The chronic poverty that mothers and their children faced in Tanzania was often linked to HIV-related stigma, manifested in harassment and verbal abuse from landlords, abandonment by their husband/male partner, relatives’ refusal to provide care or support for the family and property grabbing and disinheritance. Women tend to be both more heavily stigmatized than men because of the association of HIV with judgements about sexual morality, as well as being blamed more often for ‘bringing’ HIV into a family or marriage (Ogden and Nyblade, 2005). Four households headed by widows were stripped of their property and other assets by the extended family following their husband’s death. This loss of assets was linked to HIV-related stigma and the exploitation of customary law inheritance practices that discriminate against widows and children. In all the four cases, the late husband’s relatives had appropriated the property, financial assets and belongings, as the assets were regarded as belonging to his clan. Physical and financial assets taken from women included their home, agricultural land, the husband’s pension, business equipment and building materials.

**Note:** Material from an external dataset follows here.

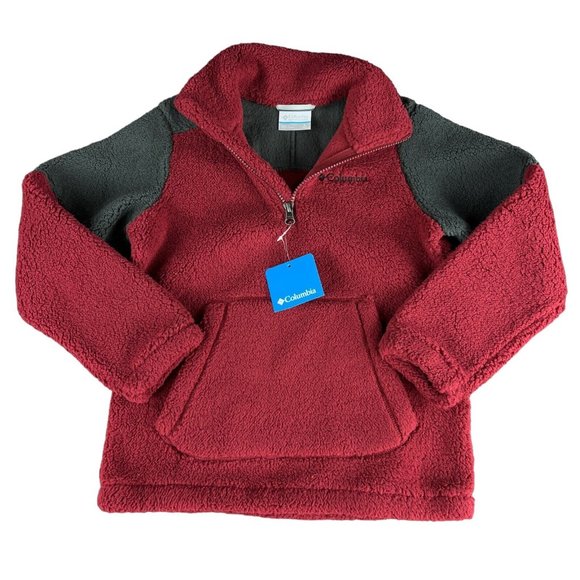 Columbia Rugged Ridge III Red Grey Half-Zip Sherpa Jacket Youth Sizes S - L - Picture 2 of 3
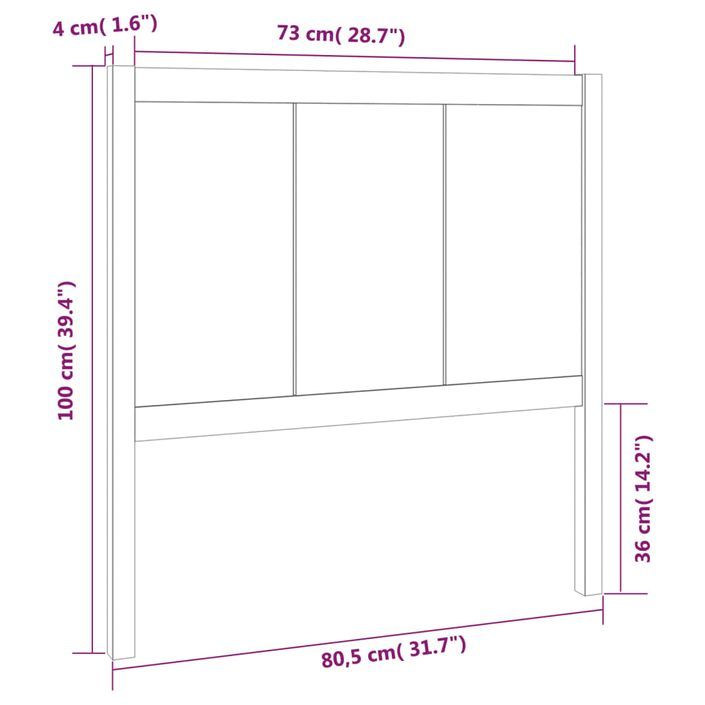 Tête de lit Blanc 80,5x4x100 cm Bois massif de pin - Photo n°6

Ester who lived with her sons (aged 12 and 16) in rented accommodation in Moshi town, Tanzania, explained how her husband’s relatives sold his land, confiscated his business assets and their shared belongings and withdrew his pension, leaving her in a very vulnerable position, struggling to provide for her children:
When he died we were living in a rented house. Before he died, he was running a hairdresser’s salon of his own; after he died his relatives tried to run it but they couldn’t pay the rent and electricity bills. It closed down. They then took all the shaving equipment, three rotating chairs and two radios. They took away the TV and a fan from our house, and they sold the farm. I was left with nothing. Then they started drawing his pension money; by the time I realized most of it was gone. I was left with very little. No one is helping me and worst of all I have to look after all the children on my own. Then I also became poorly and I can’t manage to look after the children now, we barely survive.
Such a loss of assets was detrimental to widows’ and their children’s immediate and long-term health and security and often led to chronic poverty.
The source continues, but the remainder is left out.